Selecting a Mortgage Broker or Lender – As stated earlier, brokers usually act as your agent with the lender. You can also deal directly with some lenders, without using a mortgage broker. Whichever you choose, ensure that you have checked out the company. Try to use companies that people you know have used and can tell you the level of service provided. Rates should be competitive with other companies. Remember that if the deal sounds too good to be true, it probably is.

The Loan Application – You will have to provide a completed loan application. Some brokers will come out to your home to take the application, you can fill one out yourself, or some brokers have Web sites that allow you to submit the application on-line. You will probably be asked to pay for a credit report and appraisal fee up front. If a broker tells you the credit report and appraisal costs are not being charged to you, make sure to get it in writing. Also verify that you will not pay for these items at the close of escrow out of your loan proceeds or that the broker will not demand payment for the fees, if you do not close the loan.

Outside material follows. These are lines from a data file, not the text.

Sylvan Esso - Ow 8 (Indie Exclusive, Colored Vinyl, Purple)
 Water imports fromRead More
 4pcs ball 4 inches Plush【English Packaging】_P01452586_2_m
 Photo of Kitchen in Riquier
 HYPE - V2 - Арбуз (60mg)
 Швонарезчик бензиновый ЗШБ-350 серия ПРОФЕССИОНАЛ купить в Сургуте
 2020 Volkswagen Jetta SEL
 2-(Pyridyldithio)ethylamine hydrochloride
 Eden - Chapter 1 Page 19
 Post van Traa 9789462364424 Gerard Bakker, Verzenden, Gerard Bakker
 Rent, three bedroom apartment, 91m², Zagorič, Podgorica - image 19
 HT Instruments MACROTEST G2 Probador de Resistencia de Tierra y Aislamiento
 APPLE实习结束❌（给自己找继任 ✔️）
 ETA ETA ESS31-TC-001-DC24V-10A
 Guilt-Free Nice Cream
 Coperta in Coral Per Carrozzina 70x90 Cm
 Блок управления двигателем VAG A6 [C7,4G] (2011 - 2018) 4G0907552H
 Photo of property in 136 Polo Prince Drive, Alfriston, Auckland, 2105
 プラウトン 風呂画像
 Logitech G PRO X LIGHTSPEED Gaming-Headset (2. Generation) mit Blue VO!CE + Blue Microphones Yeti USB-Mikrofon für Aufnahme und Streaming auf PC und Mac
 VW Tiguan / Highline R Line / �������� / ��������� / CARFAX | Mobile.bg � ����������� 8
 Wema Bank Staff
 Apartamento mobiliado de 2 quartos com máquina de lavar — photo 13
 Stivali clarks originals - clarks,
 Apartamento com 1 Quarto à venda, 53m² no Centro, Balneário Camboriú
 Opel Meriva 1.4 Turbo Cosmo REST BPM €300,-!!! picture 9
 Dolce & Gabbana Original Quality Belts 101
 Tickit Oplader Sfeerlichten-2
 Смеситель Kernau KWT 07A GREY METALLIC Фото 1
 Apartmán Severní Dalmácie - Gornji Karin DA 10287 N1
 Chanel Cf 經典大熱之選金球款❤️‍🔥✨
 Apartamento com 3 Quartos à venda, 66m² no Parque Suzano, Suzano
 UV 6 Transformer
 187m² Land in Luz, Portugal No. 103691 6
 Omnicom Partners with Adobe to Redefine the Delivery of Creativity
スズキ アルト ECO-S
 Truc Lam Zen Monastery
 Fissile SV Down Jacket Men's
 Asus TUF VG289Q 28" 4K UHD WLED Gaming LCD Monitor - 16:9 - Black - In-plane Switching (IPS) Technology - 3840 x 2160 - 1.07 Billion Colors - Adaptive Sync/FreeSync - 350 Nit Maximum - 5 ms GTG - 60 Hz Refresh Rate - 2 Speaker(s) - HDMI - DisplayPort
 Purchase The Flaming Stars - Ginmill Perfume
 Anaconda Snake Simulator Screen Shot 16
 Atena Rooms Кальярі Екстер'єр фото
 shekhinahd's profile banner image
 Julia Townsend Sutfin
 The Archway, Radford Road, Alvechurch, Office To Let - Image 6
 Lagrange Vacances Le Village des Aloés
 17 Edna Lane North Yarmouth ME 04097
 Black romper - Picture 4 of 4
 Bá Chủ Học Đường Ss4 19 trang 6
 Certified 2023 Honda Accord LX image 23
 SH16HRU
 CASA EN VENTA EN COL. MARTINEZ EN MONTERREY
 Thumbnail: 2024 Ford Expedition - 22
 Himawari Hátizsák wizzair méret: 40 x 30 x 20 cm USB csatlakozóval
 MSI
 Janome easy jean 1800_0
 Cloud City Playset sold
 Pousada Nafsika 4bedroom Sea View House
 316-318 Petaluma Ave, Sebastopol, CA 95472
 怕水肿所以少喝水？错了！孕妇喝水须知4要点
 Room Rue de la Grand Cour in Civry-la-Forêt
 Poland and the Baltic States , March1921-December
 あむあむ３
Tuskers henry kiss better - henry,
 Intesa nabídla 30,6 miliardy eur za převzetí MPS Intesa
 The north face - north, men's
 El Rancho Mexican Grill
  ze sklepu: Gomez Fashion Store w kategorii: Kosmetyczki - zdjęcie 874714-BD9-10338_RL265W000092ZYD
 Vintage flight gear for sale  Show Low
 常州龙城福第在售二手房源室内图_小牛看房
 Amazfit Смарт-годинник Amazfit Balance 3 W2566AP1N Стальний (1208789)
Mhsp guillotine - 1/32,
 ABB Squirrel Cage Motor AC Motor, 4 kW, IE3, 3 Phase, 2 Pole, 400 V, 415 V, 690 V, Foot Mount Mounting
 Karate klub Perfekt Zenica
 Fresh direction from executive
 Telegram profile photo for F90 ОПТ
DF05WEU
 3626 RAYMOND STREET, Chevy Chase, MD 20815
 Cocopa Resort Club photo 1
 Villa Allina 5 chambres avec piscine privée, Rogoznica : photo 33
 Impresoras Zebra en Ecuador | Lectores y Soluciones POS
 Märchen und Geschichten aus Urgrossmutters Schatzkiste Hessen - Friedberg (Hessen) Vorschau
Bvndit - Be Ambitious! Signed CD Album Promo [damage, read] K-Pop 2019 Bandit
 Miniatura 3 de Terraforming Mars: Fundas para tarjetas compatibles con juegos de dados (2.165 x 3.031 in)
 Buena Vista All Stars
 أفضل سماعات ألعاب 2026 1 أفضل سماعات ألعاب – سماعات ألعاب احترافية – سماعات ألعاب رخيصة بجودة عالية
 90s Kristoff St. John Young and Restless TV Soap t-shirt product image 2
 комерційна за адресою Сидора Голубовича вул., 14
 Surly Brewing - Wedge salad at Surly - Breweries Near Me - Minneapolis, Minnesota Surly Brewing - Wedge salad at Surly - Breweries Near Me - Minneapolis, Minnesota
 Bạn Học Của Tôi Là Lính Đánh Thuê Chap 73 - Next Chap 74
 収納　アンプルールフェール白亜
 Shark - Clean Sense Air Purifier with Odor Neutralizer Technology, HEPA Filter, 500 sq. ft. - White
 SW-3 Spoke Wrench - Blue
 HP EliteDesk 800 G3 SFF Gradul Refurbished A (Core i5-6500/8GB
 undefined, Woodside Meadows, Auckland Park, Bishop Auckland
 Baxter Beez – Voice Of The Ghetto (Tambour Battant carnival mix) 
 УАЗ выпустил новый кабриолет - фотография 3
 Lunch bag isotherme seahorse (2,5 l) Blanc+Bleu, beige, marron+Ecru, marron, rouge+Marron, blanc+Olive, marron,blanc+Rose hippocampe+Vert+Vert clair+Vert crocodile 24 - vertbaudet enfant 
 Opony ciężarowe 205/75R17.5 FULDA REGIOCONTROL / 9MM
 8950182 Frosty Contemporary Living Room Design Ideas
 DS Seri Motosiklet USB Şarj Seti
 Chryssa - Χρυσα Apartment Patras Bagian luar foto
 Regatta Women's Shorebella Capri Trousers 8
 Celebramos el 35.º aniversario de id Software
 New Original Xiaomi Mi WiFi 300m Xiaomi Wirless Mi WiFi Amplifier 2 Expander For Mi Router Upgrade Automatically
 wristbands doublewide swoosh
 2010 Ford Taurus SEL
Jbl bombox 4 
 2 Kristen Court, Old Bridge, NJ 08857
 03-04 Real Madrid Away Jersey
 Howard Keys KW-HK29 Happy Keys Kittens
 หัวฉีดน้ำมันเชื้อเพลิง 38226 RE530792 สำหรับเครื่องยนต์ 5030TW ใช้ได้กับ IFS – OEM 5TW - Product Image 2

The broker will also require that you submit the required documentation that the lender requires in relation to the loan program you are trying to obtain. Both the broker and lender will provide you with required disclosures regarding the terms and costs of the loan. It is important that you review these disclosures and ensure that the terms and costs meet with your approval. Ask questions about anything you do not understand.

Processing the Loan – This is the process where the broker obtains the required information and submits it to the lender’s underwriter for loan approval. This is a critical stage in obtaining your loan. Ensure that you respond to all requests for information in a timely manner. This will increase your chances of getting the loan or learning why you don’t qualify. This is also the time you may want to lock in an interest rate. Remember to keep in contact with the broker and to monitor the loan process, ensuring that the broker is meeting the agreed upon time frames.

Closing the Loan – This is the final stage of the loan process. The closing can take place at a title company, escrow company, or the broker’s office. The broker may use a signing service that will bring the documents to you for signing. No matter where the signing takes place, take your time at the closing table and carefully review and understand all the documents you will be signing. If you do not understand something, ask questions before you sign. You may want to consider hiring an attorney to review all the loan documents before they are signed. It is a small price to pay in comparison to the headaches that can follow if you fall victim to an unscrupulous lender.